Her next step was to put “she/they” pronouns on her resume, which was an affirming moment. Amy works in academia and wants to use their privilege as a femme-presenting person with a cis-gender male partner and children to give rise to representation for nonbinary people—although she doesn’t know if her colleagues see the inclusion of her pronouns as a form of allyship or a declaration of being nonbinary.
When Amy came out to her partner, who they call “cishet through and through”, he was receptive. “He gave me a lot of grace,” she says. “he didn’t make it about himself. He didn’t go ‘where does this leave us?’ He let me have that.” And, when Pride Month rolled around, Amy’s partner bought her a Pride flag. Although she had always participated in Pride as an ally, this was the first time she had seen herself reflected in the celebrations. Their partner gave her the flag and wished her a happy Pride.
“I didn’t even know I needed that [visibility],” Amy says. “That was very sweet and affirming.”
Theo’s father and Amy’s partner both found ways to support their loved ones, and Dr.

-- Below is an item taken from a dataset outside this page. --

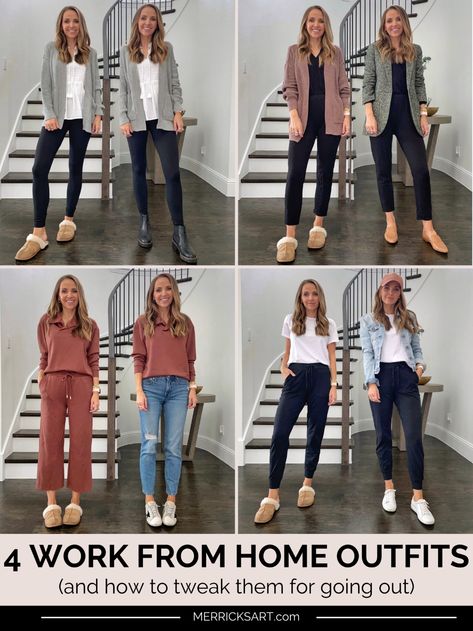 Work To Casual Outfits, Cozy Work Outfit Casual, Cozy Outfit Work, Wear At Home Outfits, Comfy Friday Work Outfit, Winter Work From Home Outfits For Women, Work From Home Outfit For Zoom, Best Work From Home Outfits, Women Work From Home Outfits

Toomey says there’s one defining factor: It’s critical to show that you’re honored someone is willing to share identity changes—a deeply personal aspect of their lives—with you. “Follow the person’s lead, respect their pronouns and name, and ask them how they need to be supported with these changes.”
In the seclusion of the pandemic, Amy has found herself unlearning what she thought she knew about gender and sexuality. Her sentiments mimic some of the universal questions many of us asked ourselves while we were alone: “When left to be as weird as I wanna be, I’m like, ‘Woah, who am I?’” she says. “I look forward to all that unfolding.”